Mesmo diante do cenário climático adverso, a participação formal do governo do Brasil em Sharm-el-Sheikh foi insípida. O ministro do Meio Ambiente gazeteou a conferência e foi mergulhar. Segundo observadores, o Brasil literalmente submergiu. Os representantes do Itamaraty assumiram a representação brasileira, sem protagonismo. Por outro lado, a delegação do Brasil apoiou a proposta da Opep das Florestas, na linha da criação de um cartel dos países que mais destroem as florestas tropicais, visando estimular mais stock market, desta vez para o bezerro do carbono.
Na informalidade dos debates com a sociedade civil, Lula, o novo presidente eleito, assumiu novamente os compromissos de campanha com a questão climática, reiterando a priorização da agenda e a proteção da Amazônia, inclusive como sede da COP30, em 2025. A sinalização, mesmo de forma extraoficial, repercutiu na imprensa internacional e junto aos demais países, salvando a presença do Brasil na COP27.
Há uma precariedade no resultado dos esforços globais. O cenário nos leva a refletir sobre dois ritmos distintos para a humanidade: o econômico e o biológico. O ritmo do bezerro econômico é imediatista e exclui o futuro, oposto da realidade biológica, que na emergência atual dispara o instinto para adaptação e sobrevivência.

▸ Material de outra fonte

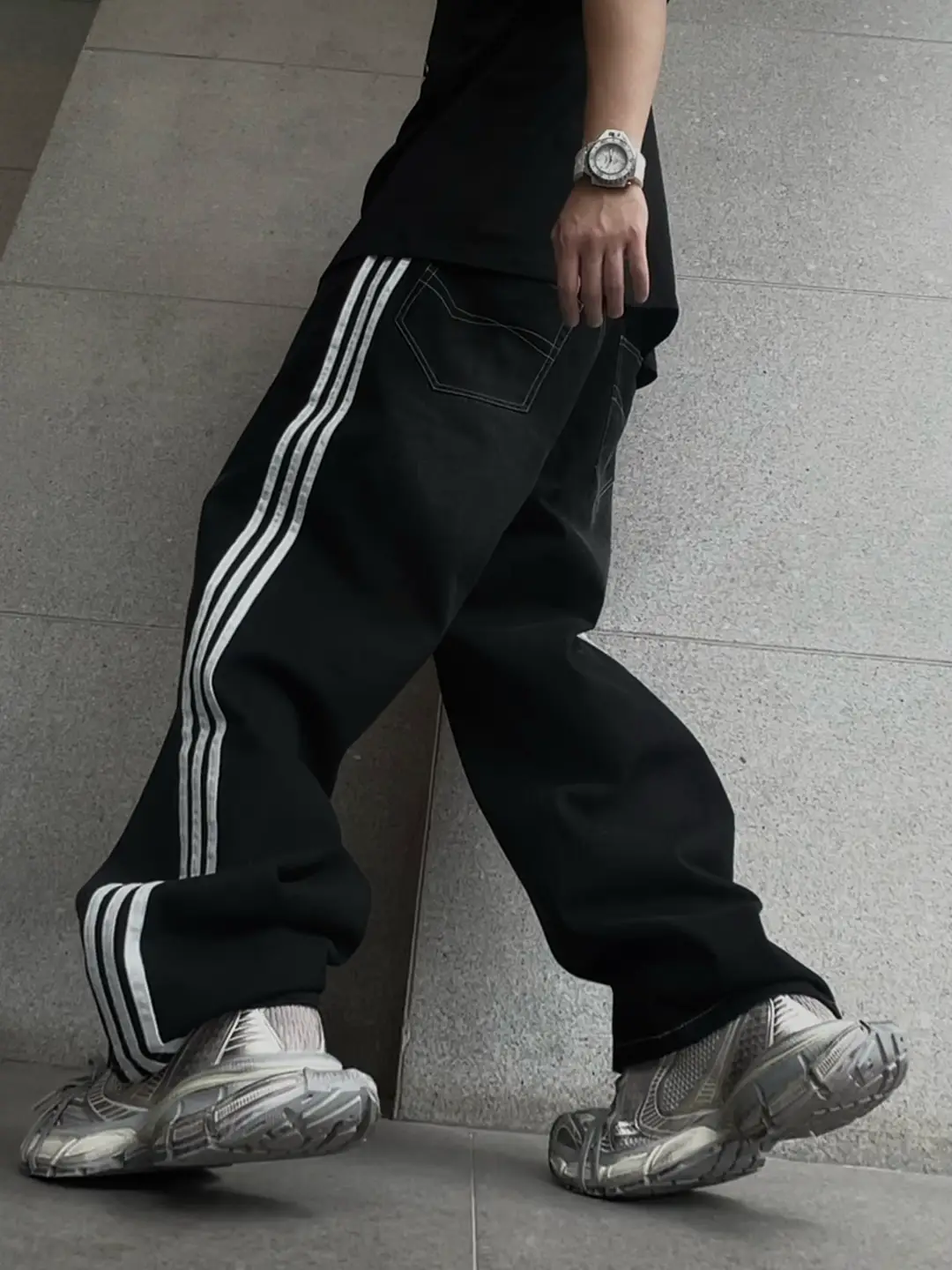 23Ss Joint Side Stripesd Pants Jeans Baggy Version Washed Straight Pants Inakaya Fog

Não é para menos que jovens estão sendo diagnosticados com perda de segurança, em estado de ansiedade climática, atormentados por sentimento de culpa por fazerem parte do processo de degradação. Outros se declaram aterrorizados diante dos efeitos das mudanças do clima.
Mas os principais países poluidores não têm ansiedade nem pressa. Ao contrário, sentam-se à mesa de negociações em defesa de seu PIB baseado em combustíveis fósseis, enquanto se recusam a pôr a mão no bolso.
O mundo não será salvo com promessas. Guterrez afirmou que é preciso banir os combustíveis fósseis, já que focar apenas em perdas e danos não resolverá o essencial, pois não impedirá de apagar Tuvalu do mapa ou que um país africano se transforme em deserto.
A falta de investimento para a transição energética e controle das emissões é um descalabro. É incompreensível que um planeta que gastou US$ 2,1 trilhões em 2021 com armamentos e aparato militar se recuse a aportar anualmente 0,5% deste valor (US$ 4 bilhões por ano até 2030 em energia renovável e US$ 6 bilhões na economia para reduzir emissões) e salvar bilhões de pessoas de um futuro que promete ser trágico.
Por quanto tempo continuaremos a vagar pelo deserto para nos livrar do bezerro dos petrodólares? Moisés visava uma depuração de valores para adentrar o que estava no horizonte, uma terra de leite e mel. Para Guterrez, a humanidade continua veloz pelo descaminho – e no horizonte desenha-se o inferno climático.
Carlos Bocuhy é presidente do Instituto Brasileiro de Proteção Ambiental (Proam).